Constructivist City with Universal Man tells us why he doesn’t have the same cred as his peers Mondrian or Mirò; sex sells and Torres Garcia was just too wholesome. This piece is like 10AM educational television with its happy yellow sun, whimsical sky-fish, and people commuting on the train with an unrealistic amount of elbow room.

Terence Grieder said of Torres García that “he contributed to our belief in manipulative experience of childhood education.” Not sure what that means, it sounds illegal. But Greider was definitely on to Torres García’s focus. While the other modernists in Europe were painting the absolute distillation of intercourse, Torres Garcia was educating children. Namely his own children; he had four of them with one wife to whom he appears to have been completely faithful. Talk about a Catholic bore; a bunch of kids, one wife, no lovers. Explains why Picasso didn’t like him very much.

Torres Garcia’s kids seem to have been real terrors, breaking their toys all the time. This bummed Torres Garcia out because 1. He was broke and not trying to blow his savings on new toys and 2. Ever the good dad he thought this was a sign that the toys were deficient (you know, like, it’s never your own kids’ fault). So he started making toys. His figurines were wooden and ~creative~ and kids could move the pieces around into new shapes. They probably paired well with “Beethoven for Babies” and those educational cartoons. The toys were actually a hit in Denmark but the factory burned down and that was the end of that.

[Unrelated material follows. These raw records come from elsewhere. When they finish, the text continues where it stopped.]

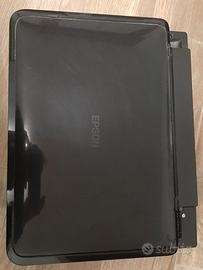 STAMPANTE EPSON XP 412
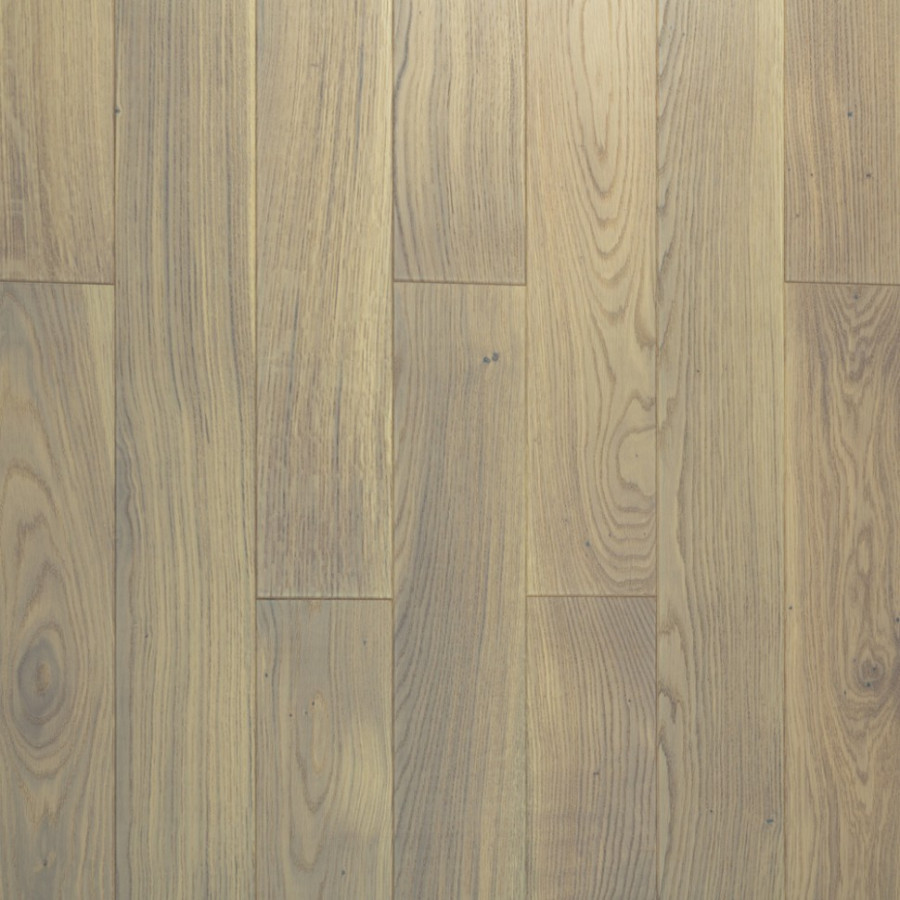 Инженерная доска Kraft Parkett Дуб Натур 103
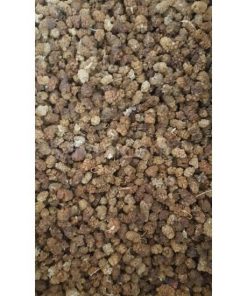 Toptan Atlık Dut Kurusu 100 Kg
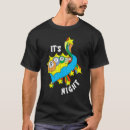 Pesquisar por azar camisetas Loteria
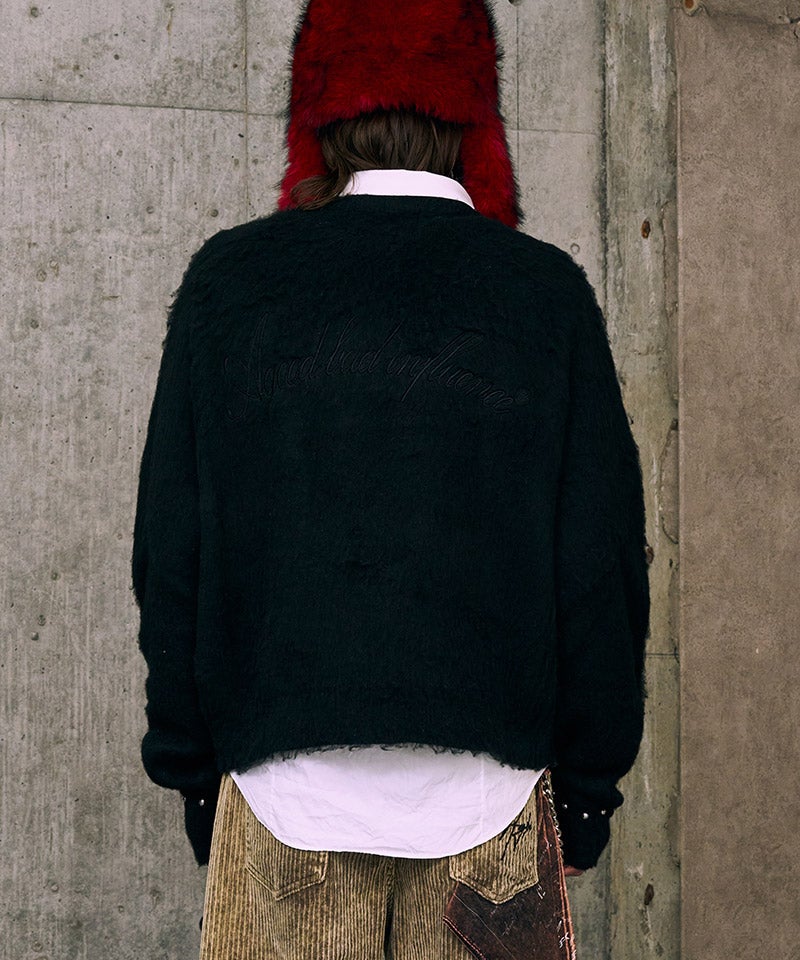 A Good Bad Influence(ア グッド バッド インフルエンス)】【予約販売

Eventually Torres Garcia decided that he and Europe didn’t get along anymore, could have had something to do with Europe’s fascist streak. He moved his little brood back to his native Montevideo in Uruguay where he did the thing that, probably, he’s most famous for. In a fit of vindictive inspiration he drew a cartoon-y outline of South America with the South Pole and Patagonia on top and Panama on the bottom.

It still isn’t sexy, but the continent is shaped like the big middle finger he meant to give Europe and the USA for sticking him in those awful, mid-morning time slots when clearly his art deserved primetime.